Jeremy Pryor: Well, I think that a lot of what this nest model, it explains why there is an estrangement or dissonance that men often feel towards family. And they don't know why. So you really have a couple of responses men can have to that dissonance. They can say, well, just do your duty.

Because if you think about the nest, it is really a maternal sort of image. It's like what children really need is just nurturing. They just need to be loved and accepted and then they're going to go off and do their own thing, and we won't see them again and the whole thing self-destructs. There's something about that that just does not resonate with men.

Men want to play long-term games. They want to see real progress made. They're not excited about something that's going to self-destruct, and that while you're waiting for that to happen, your primary role is as a nurturer. But that's what we've given men to be excited about.

So what I've pointed out just sociologically is that if you go to places in the world where the biblical idea of family as a team multi-generationally is really embraced, men are actually more excited about family than women. And people don't realize this until like... you know, I've lived in the Middle East, and it is crazy. I'll talk to Jewish fathers, Arab shopkeepers, and they cannot shut up about their kids. I mean, it's like they're so excited about family.

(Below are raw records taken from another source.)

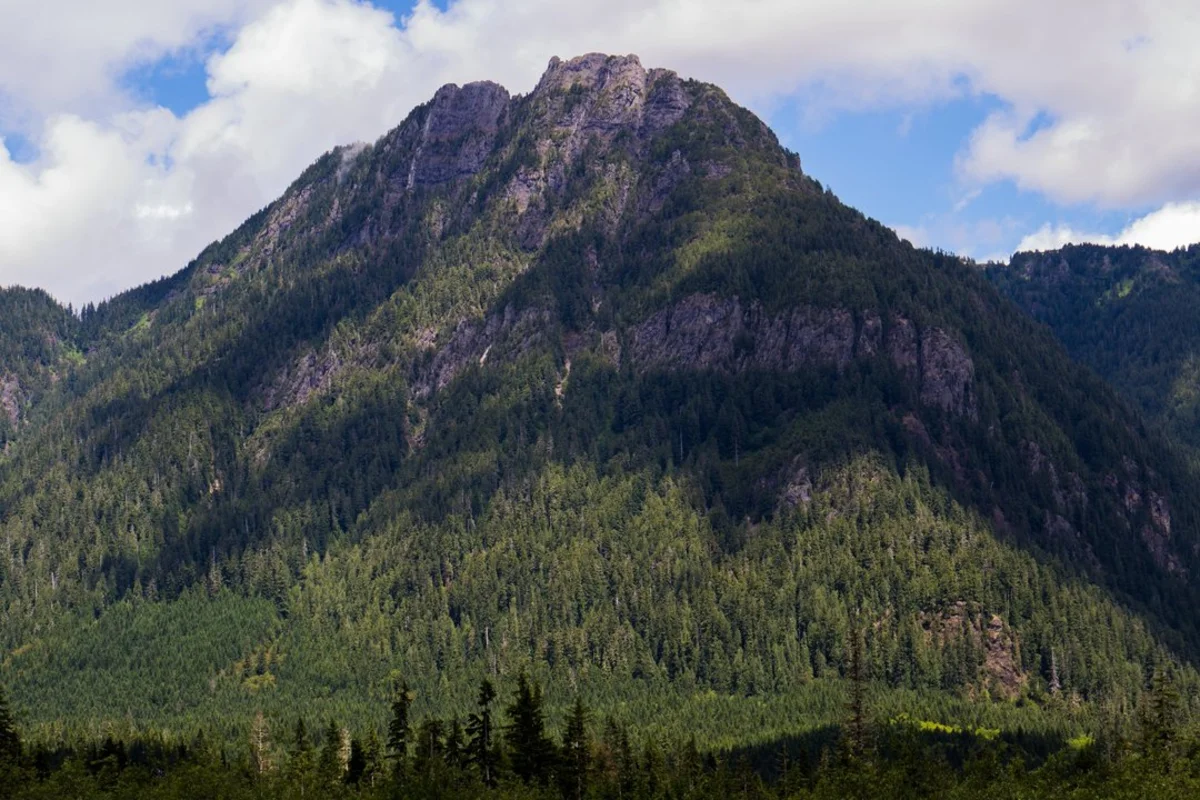 Ice Caves Loop Trail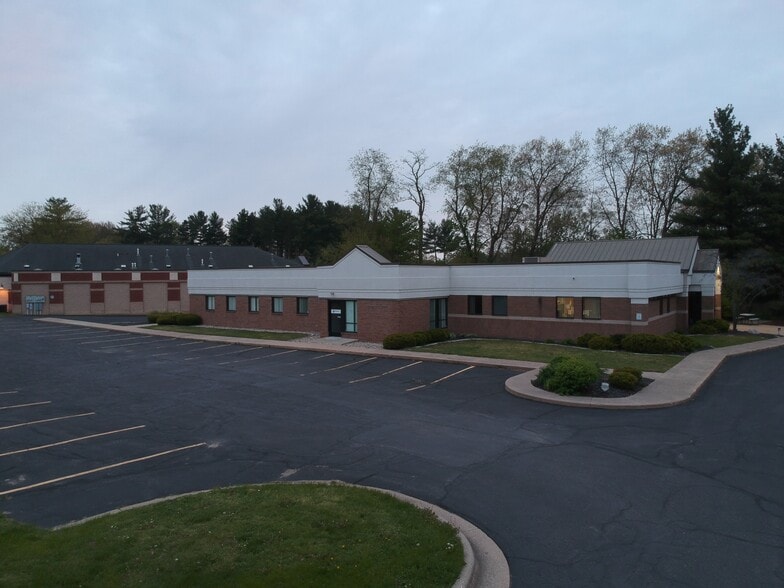 More Photos Of 5171 Plainfield Ave NE, Grand Rapids Medical For Lease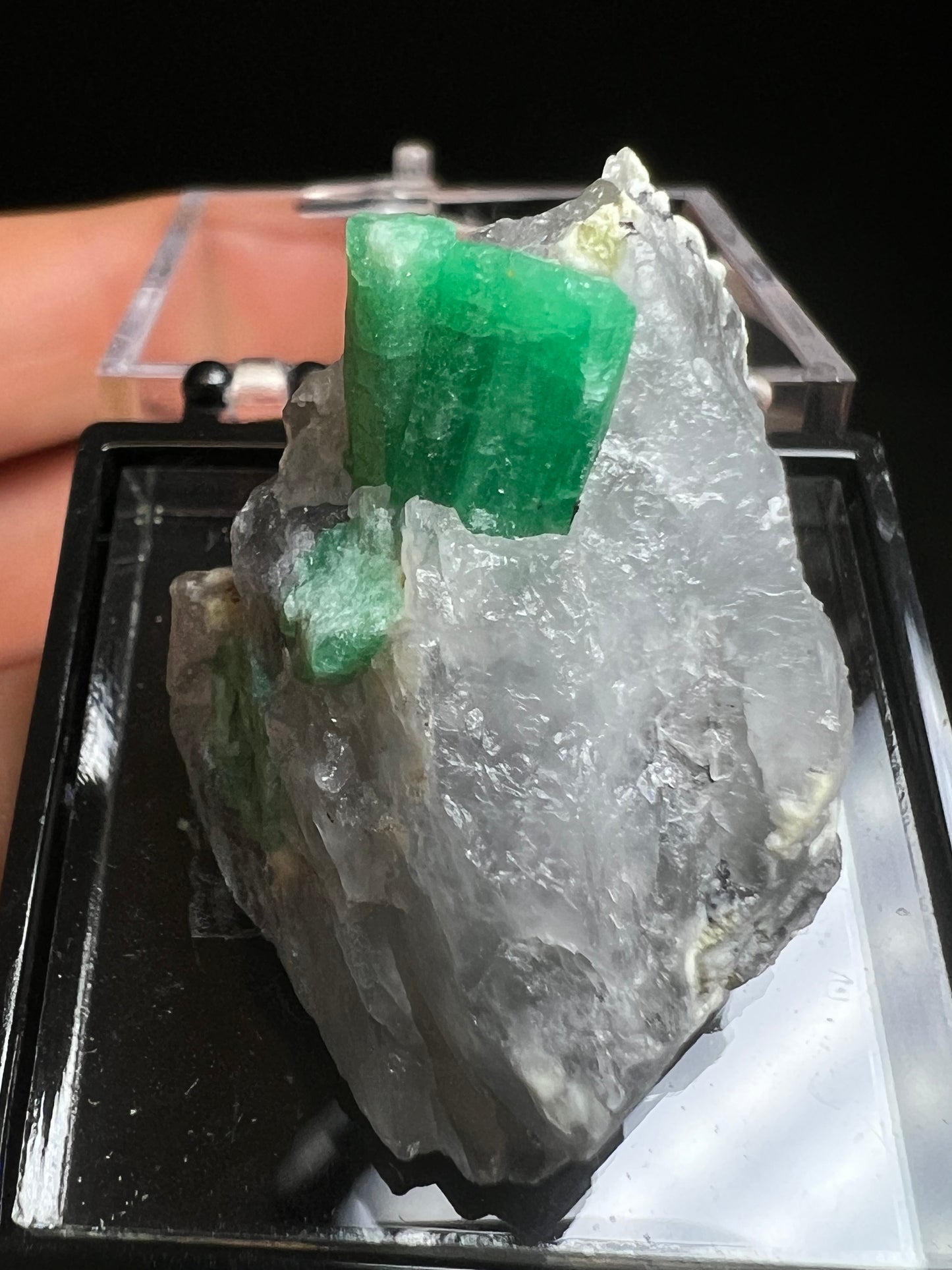 Terminated Emerald In Matrix From Sandawana Mine, Mweza Range, Zimbabwe- Collectors Piece, Crystal Healing, Gemstone (Box Included)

I think that they have a fundamentally different way of viewing it that does get men excited. It doesn't leave women out. I mean, there's an incredibly important role. And that maternal nurturing role is just as critical in the team version of the family. But what is different is that in the nest version of the family, there really isn't a place for what I think of as the father coach.

In a team, you need a coach. And thank God, God's created this being called a man who really enjoys coaching and what that entails, which is to really raise the bar of expectation while supporting those teammates. So what often happens in our culture is that men who have this drive for team, they find that they try to fulfill that drive other places. They follow sports teams, they-

Eric Huffman: Coach Little League.

Jeremy Pryor: Coach Little League. They'll find it at work. Well, they'll coach a team to success in a competitive environment. They love that. And I think that men are really wired for that in various arenas. But the last place that most men in our culture would think to find a fulfillment for that passion, that desire, the way they're wired is in their own family. But historically, that's where they found it. So I think that we need to really give that back to fathers and help them understand.

So what happens in these workshops is once a father can see, Oh, this is the arena that I was built for, that changes everything. This does create that moment where the hearts of the fathers suddenly turn back to the children. That's a reference to Malachi 4, the very last verses of the Old Testament. We're told that if the fathers do not turn their hearts towards their children and children towards the fathers, then God says, "I'm gonna come and strike the land with a curse of destruction." I think that's what we're enduring.

You have to unite those hearts. And I think that the estrangement that fathers and children are experiencing is a result of just this model that basically defines the father out of the picture of the family.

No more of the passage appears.